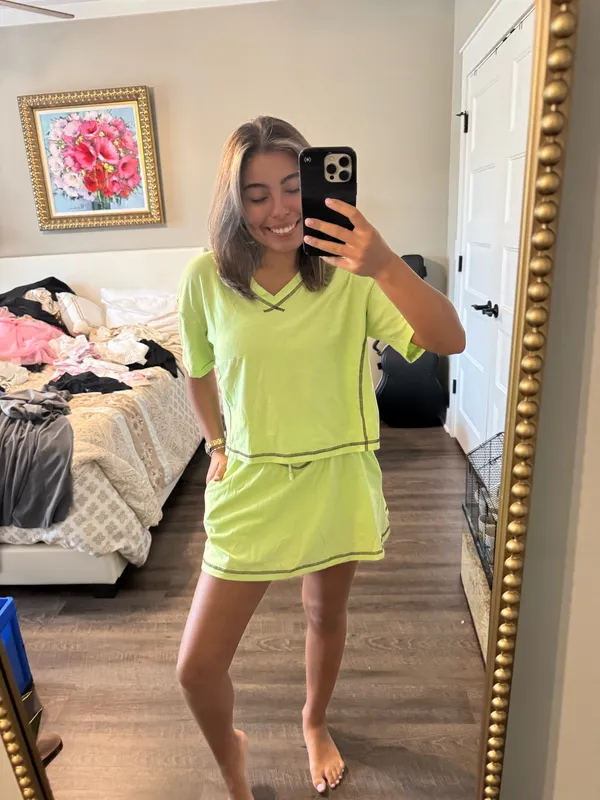 Amazon Lime Green Two-Piece Lounge Set - Image 2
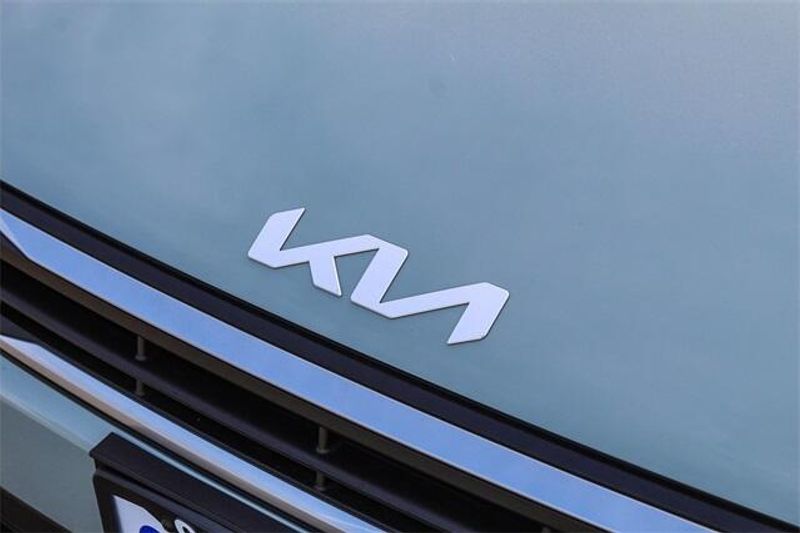New 2025 Kia K4 LXSImage 14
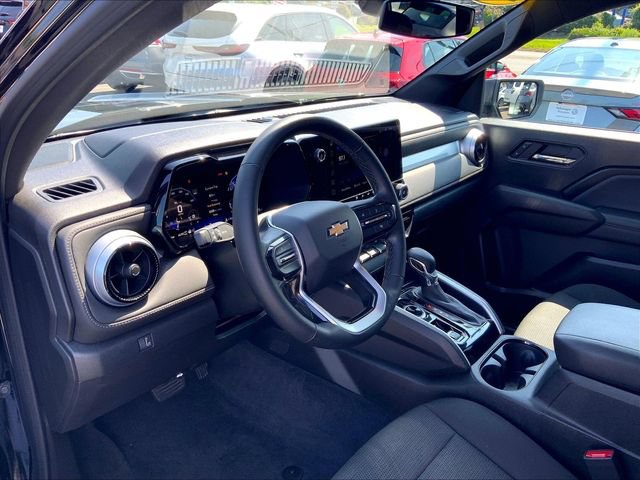 Used 2024 Chevrolet Colorado LT w/ LT Convenience Package AWD/4WD image 4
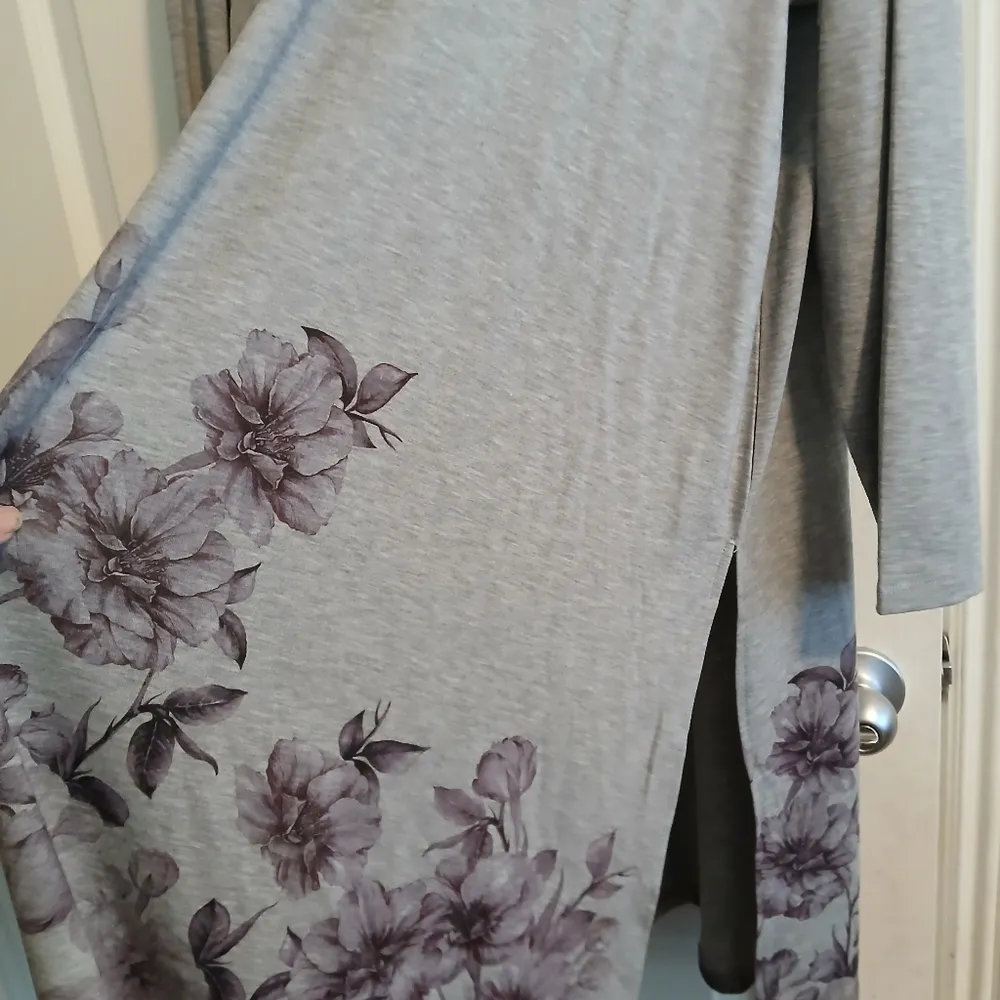 Leebe 2X Gray Long Cardigan with Floral Design - Image 4
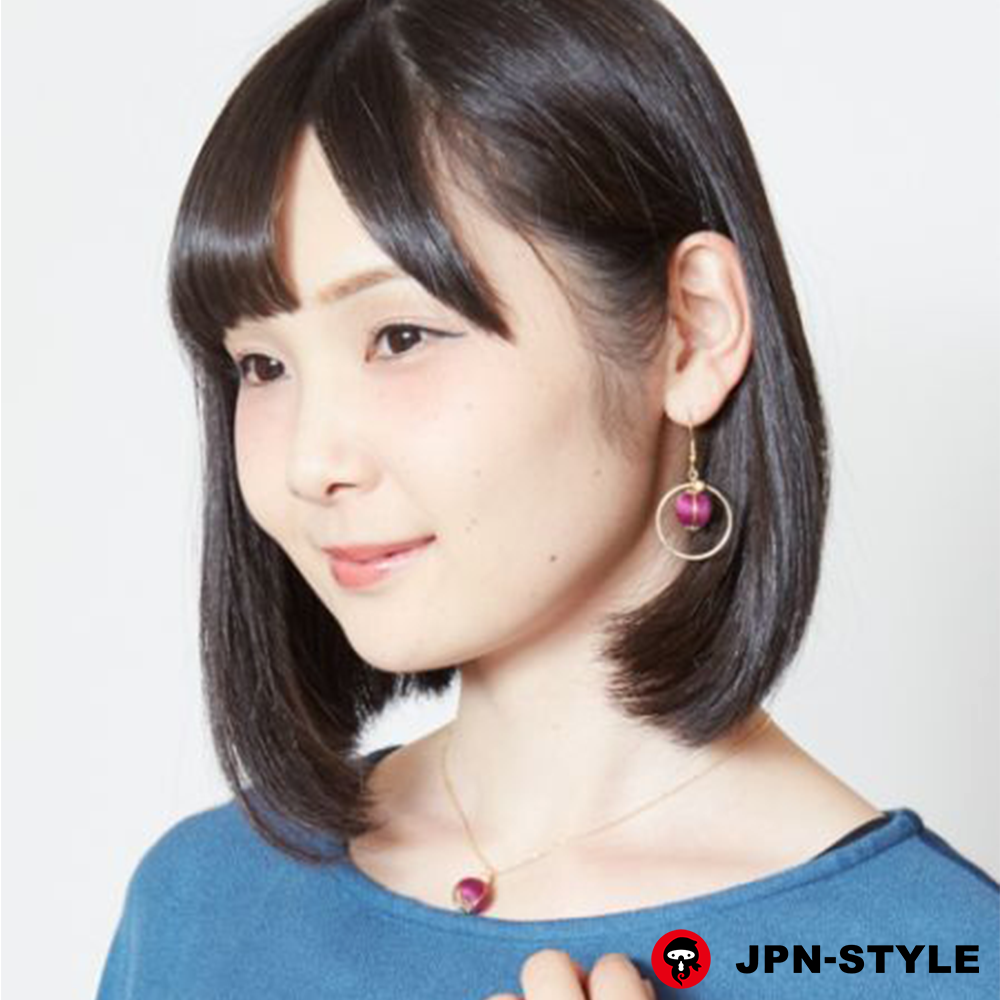 Casual Tokyo Style w/ Twin Tails, Layered Necklaces, Kinji Texas T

++++

Transcribe every entry word for word, but omit the pictures.

Task solution:
 Amazon Lime Green Two-Piece Lounge Set - Image 2
New 2025 Kia K4 LXSImage 14
 Used 2024 Chevrolet Colorado LT w/ LT Convenience Package AWD/4WD image 4
 Leebe 2X Gray Long Cardigan with Floral Design - Image 4
 Casual Tokyo Style w/ Twin Tails, Layered Necklaces, Kinji Texas T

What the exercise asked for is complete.